▸ Source material
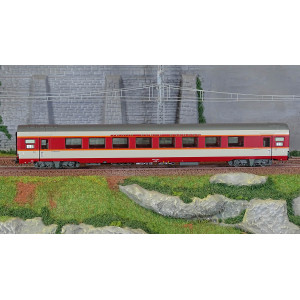 Jouef HJ4194 Voiture voyageurs Grand Confort TEE Le Kléber, SNCF, A8tu, éclairée Jouef HJ4194 - 2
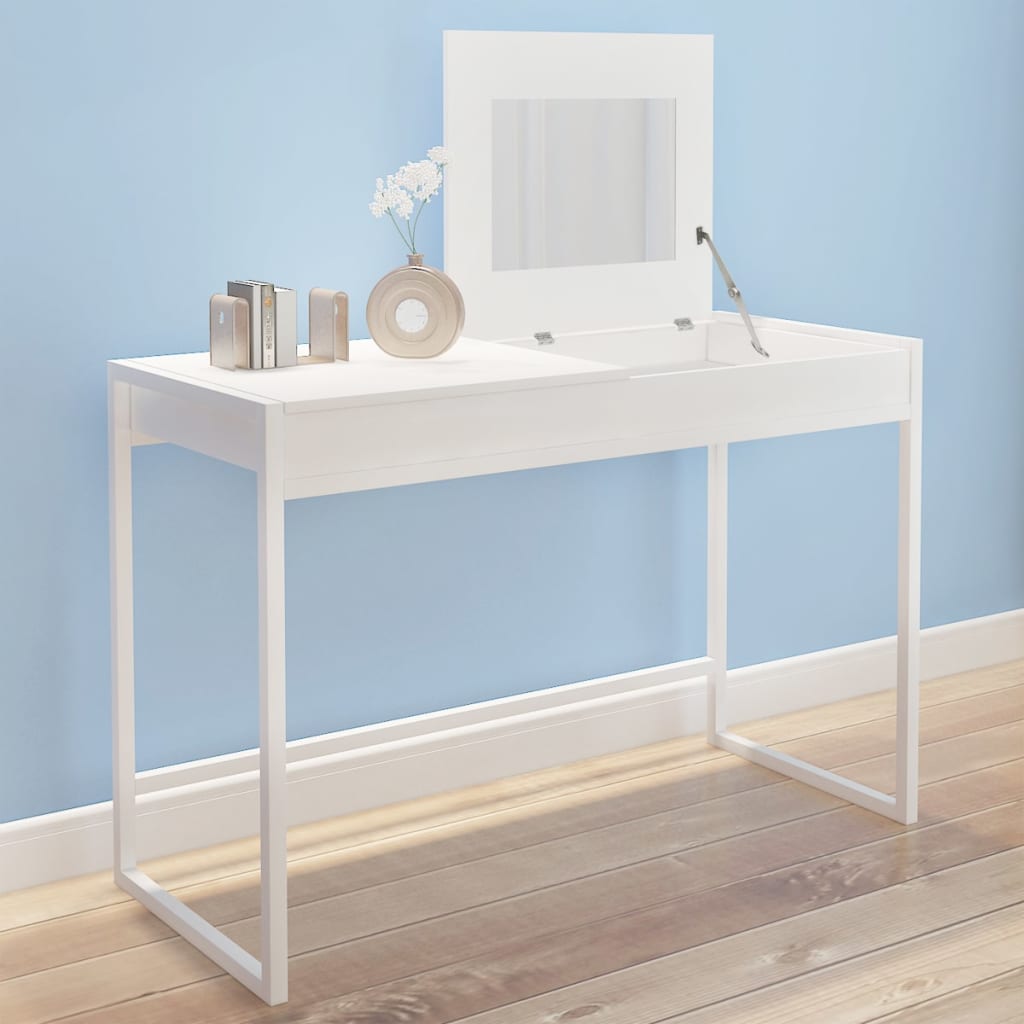 vidaXL Coiffeuse Blanche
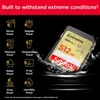 SanDisk Extreme SDXC 512GB UHS-I C10 U3 V30 Voir les images du produit 9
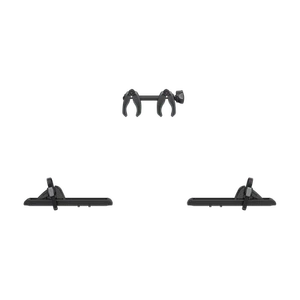 KIT 4a bici Thule WANDERWAY BLACK Volkswagen T6 BLACK - Imagen 1 de 4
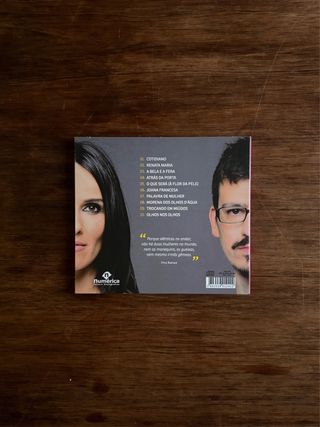 CD Sofia Vitória, Luís F. - Palavra de Mulher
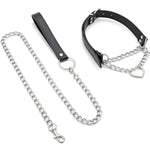Bdsm Erotic Props, Stainless Steel Chain Collar Included, Bondage Restraints For Male And Female Couples Role Play, Adult Play Props, Restricted Movement, Master And Servant Play?Black?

▸ Directions for this task
Please give the records again word for word, omitting all images.

▸ Answer to this exercise
 Jouef HJ4194 Voiture voyageurs Grand Confort TEE Le Kléber, SNCF, A8tu, éclairée Jouef HJ4194 - 2
 vidaXL Coiffeuse Blanche
 SanDisk Extreme SDXC 512GB UHS-I C10 U3 V30 Voir les images du produit 9
 KIT 4a bici Thule WANDERWAY BLACK Volkswagen T6 BLACK - Imagen 1 de 4
 CD Sofia Vitória, Luís F. - Palavra de Mulher
Bdsm Erotic Props, Stainless Steel Chain Collar Included, Bondage Restraints For Male And Female Couples Role Play, Adult Play Props, Restricted Movement, Master And Servant Play?Black?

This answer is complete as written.